By Em Turner Chitty
Well, I went to Knoxville’s Women’s March today in miserable wet weather. Saw some dear friends and activists there and heard a couple of speakers before the weather turned too awful to withstand (discovering that one hiking boot was apparently completely porous did not help).
A couple of comments: The Women’s March folks made the decision to hold the event at Chilhowee Park, which is a nice big park in the Northeast section of Knoxville that is surrounded by Knoxville’s African-American community. Their reasoning apparently was that the event should be more inclusive of minority communities–a sentiment with which I completely agree.
I did not, however, notice a larger proportion of minority participants there than last year–and moving it to a place where it was merely the choir preaching to the choir in an enclosed spot far from the center of the city, and surrounded by police, made it … um… less interesting. No one from the neighborhood could have gotten in without crossing Magnolia and walking half a mile through the underpass and into the field. The chain-link fence surrounding the open field was firmly locked, guarded by police.
The Knoxville Police Dept. and the city needs to address why the Women’s March was subject to such heavy police presence. The gates to the park were locked. Attendees were discouraged and went home after walking around the park for entry in cold and rain. The presence of multiple officers was forbidding.
As the Women’s March goes forward, I think the whole thing could use some tweaks.
- I’d like to see the event moved to spring, both symbolic of new life and likely to be better as far as weather is concerned. With any luck, the inauguration of the next president will not be the occasion for a response to an imminent tragedy.
- Then, I’d like to see more public occasions throughout the year in different communities to talk to each other about what it means to be women, to sit down and hear each other, and to plan actions on each other’s behalves.
- And to rejoice in being women, no matter how we look on the outside– black women, Asian women, white women, indigenous women, Hispanic women, trans women, gay women– and to rejoice in the support of the men who support and love us whoever we are.

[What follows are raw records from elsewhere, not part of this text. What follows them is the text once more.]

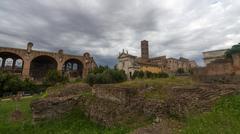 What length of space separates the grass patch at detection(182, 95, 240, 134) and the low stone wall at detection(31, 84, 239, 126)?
410 millimetres

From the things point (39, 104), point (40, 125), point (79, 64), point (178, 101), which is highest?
point (79, 64)

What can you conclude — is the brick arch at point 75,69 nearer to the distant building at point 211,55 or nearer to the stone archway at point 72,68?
the stone archway at point 72,68

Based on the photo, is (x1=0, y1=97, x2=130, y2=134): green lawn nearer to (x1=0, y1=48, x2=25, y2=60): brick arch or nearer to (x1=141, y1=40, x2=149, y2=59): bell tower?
(x1=0, y1=48, x2=25, y2=60): brick arch

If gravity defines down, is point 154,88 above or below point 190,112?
above

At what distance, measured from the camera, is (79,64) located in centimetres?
5953

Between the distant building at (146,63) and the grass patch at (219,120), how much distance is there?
1799 inches

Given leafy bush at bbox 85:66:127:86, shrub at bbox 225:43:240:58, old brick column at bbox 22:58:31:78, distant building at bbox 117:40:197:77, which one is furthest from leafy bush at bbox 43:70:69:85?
shrub at bbox 225:43:240:58

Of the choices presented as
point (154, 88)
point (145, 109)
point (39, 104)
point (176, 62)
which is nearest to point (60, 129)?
point (39, 104)

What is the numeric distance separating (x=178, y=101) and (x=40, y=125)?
28.6 ft

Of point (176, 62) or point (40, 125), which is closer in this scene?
point (40, 125)

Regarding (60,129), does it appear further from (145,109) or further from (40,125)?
(145,109)

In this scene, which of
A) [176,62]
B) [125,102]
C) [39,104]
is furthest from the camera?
[176,62]

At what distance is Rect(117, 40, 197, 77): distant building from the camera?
54047 millimetres

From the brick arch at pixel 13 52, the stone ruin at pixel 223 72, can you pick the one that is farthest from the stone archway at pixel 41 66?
the stone ruin at pixel 223 72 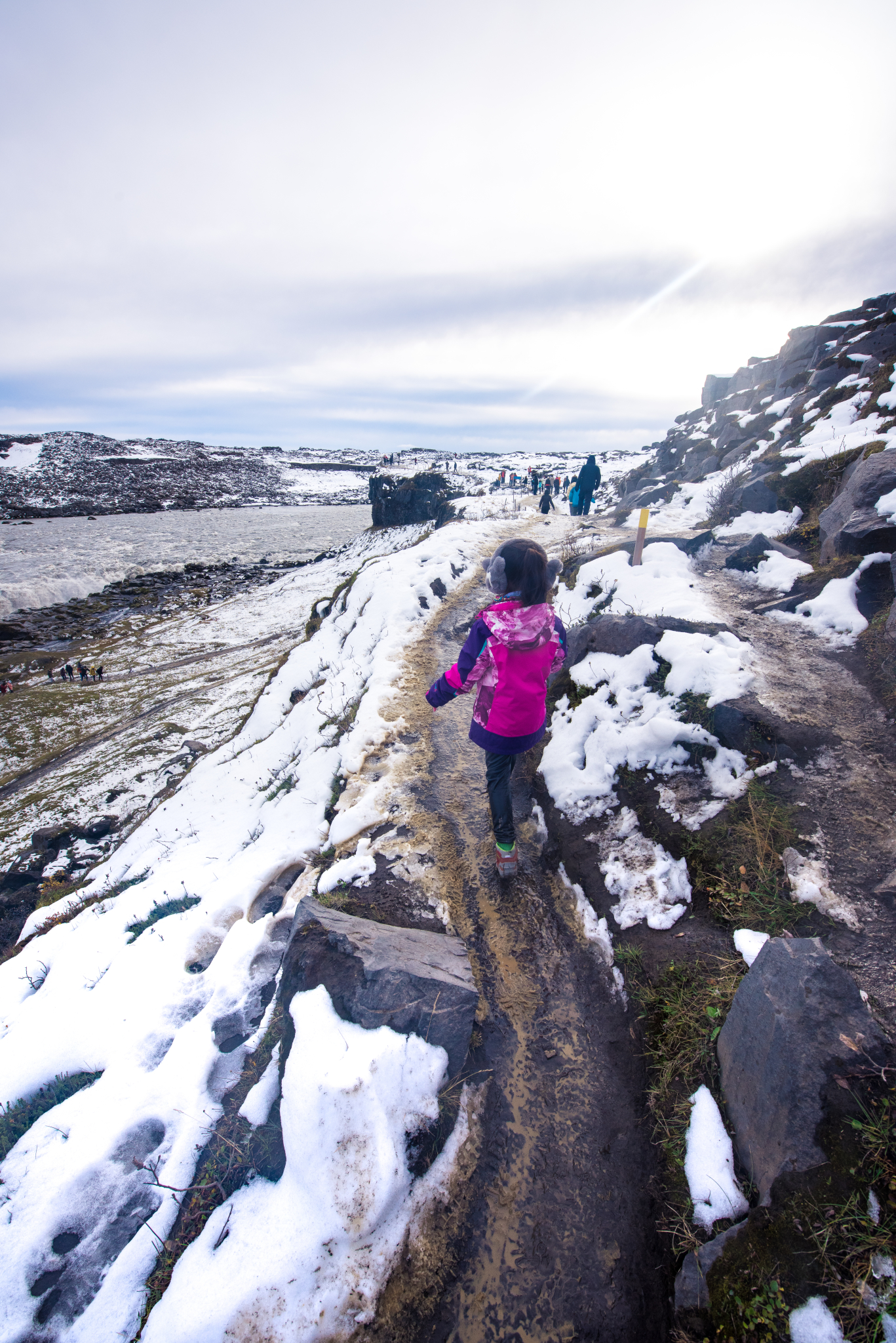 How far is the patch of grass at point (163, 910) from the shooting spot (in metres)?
5.15

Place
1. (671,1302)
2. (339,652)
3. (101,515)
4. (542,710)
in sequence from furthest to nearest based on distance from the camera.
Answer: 1. (101,515)
2. (339,652)
3. (542,710)
4. (671,1302)

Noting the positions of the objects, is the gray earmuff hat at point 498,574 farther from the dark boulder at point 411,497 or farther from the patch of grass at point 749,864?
the dark boulder at point 411,497

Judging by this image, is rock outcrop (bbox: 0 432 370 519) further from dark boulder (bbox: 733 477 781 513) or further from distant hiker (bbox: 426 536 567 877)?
distant hiker (bbox: 426 536 567 877)

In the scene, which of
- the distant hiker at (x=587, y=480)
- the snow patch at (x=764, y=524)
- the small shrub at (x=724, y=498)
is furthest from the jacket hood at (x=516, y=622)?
the distant hiker at (x=587, y=480)

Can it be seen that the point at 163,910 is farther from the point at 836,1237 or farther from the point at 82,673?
the point at 82,673

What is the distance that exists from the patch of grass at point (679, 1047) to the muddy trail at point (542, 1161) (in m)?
0.13

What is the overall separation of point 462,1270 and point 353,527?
214 feet

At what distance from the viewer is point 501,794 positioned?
4.66 m

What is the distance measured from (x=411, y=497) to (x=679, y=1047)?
152 ft

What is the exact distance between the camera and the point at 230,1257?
8.13 ft

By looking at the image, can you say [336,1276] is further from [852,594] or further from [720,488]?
[720,488]

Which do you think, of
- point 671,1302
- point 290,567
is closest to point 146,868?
point 671,1302

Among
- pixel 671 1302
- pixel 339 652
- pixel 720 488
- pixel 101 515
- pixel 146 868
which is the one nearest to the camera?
pixel 671 1302

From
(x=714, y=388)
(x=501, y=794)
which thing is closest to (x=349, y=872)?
(x=501, y=794) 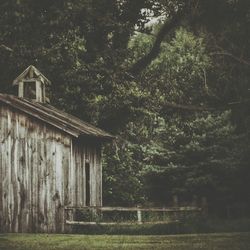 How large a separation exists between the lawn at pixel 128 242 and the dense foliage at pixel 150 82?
472 inches

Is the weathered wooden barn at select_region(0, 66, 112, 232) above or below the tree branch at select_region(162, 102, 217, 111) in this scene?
below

While a number of speakers focused on the pain women endure, some more than others, I think an equally important focus is the positivity of being women, of being life-givers, affirmers, encouragers, makers, inventors, organizers, and stabilizers of society. Women play a critical part in (and in many respects are the best part of) society. We need to dignify our own efforts.
Society is going through a huge change; everything is hitting the fan right now. Over time, it will resolve, but despite our differences, right now we need to hold to the conviction that above all, we are all human, we all struggle, and we all need to care for each other as best we can. We must reject divisions among us, which ultimately are meaningless and instead, find our common ground. Here endeth the lesson.